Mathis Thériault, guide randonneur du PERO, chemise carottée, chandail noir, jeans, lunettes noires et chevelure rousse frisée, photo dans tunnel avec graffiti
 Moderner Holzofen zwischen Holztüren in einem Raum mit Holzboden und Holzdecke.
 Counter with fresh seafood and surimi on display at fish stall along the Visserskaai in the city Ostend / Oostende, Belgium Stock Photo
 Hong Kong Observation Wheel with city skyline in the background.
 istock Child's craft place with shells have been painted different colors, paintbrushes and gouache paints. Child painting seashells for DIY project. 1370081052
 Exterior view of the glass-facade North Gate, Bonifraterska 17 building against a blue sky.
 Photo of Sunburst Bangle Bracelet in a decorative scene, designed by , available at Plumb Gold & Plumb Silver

- Exercise:
Lines with the word "city": copy each one from the data above.

- Solution for this exercise:
 Counter with fresh seafood and surimi on display at fish stall along the Visserskaai in the city Ostend / Oostende, Belgium Stock Photo
 Hong Kong Observation Wheel with city skyline in the background.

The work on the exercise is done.